In May of 2009, Jim Collins, an author who contributes to the Harvard Business Review and other business journals, published How the Mighty Fall. In the book, Collins describes the five stages of demise in the world of modern business. They are:
Stage 1: Hubris Born of Success
Stage 2: Undisciplined Pursuit of More
Stage 3: Denial of Risk and Peril
Stage 4: Grasping for Salvation
Stage 5: Capitulation to Irrelevance or Death
Looking back at General Motors from mid-1945 up to the fateful day in June of 2009 when it declared bankruptcy, the stages and their effects can easily be identified. It’s tougher with Honda, mainly because it’s going through the end of Stage 2, the shank of Stage 3, and the early part of Stage 4 all at the same time right now.
1) Hubris Born of Success
GM’s Stage 1 period saw the company release highly engineered but woefully underdeveloped products like the Vega’s liner-less aluminum-cylinder-block/iron-head engine and front-drive X-cars, the doomed-from-the-start development of the RC2-206 rotary engine, and the cylinder-deactivating Cadillac V-8-6-4. In the case of our subject Japanese automaker, Stage 1 was highlighted in 1973 by the company displaying a Chevrolet small-block V-8 with a revised induction system and CVCC heads to show that Honda’s combustion technology obviated the need for a catalytic converter to meet the stringent 1975 emissions regulations. Honda, an engine builder par excellence, developed a mechanical solution to a chemical problem: controlling exhaust emissions from an engine running on unleaded fuel. This was akin to developing a machine to cure a headache so you don’t have to take an aspirin. And then Honda stuck with CVCC long after the system’s sell-by date before moving to catalysts like everybody else.

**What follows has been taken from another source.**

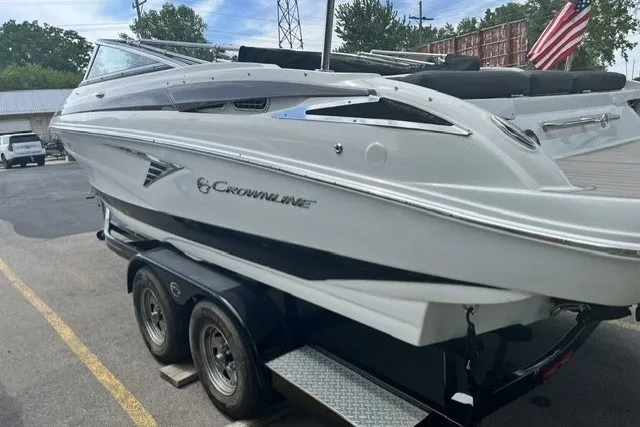 Slide: The Image of 2022 Crownline 240 SS boat on trailer, parked outdoors with American flag in background. - 2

In the 1987–1988 timeframe, Honda had its dealers and buyers all but begging for a six-cylinder engine in the Accord, but refused to accommodate the requests. The company’s argument was that a V-6 was unnecessary since the company could make an inline-four with as much power as a contemporary six. And while that last part was true, the company believed it was smarter than the market. This is a treacherous train of thought for any business. At the most elemental level, no company is smarter than its customers. It is the customer who knows what he will spend his money on, and American businesses spend billions annually to determine what motivates the consumer and what it takes to get him/her to shell out their dead presidents. (Fast forward to today, when many automakers are abandoning V-6s in their family sedans in favor of four-cylinder-only lineups, often using turbos to deliver six-cylinder power. The next Accord will offer a V-6.)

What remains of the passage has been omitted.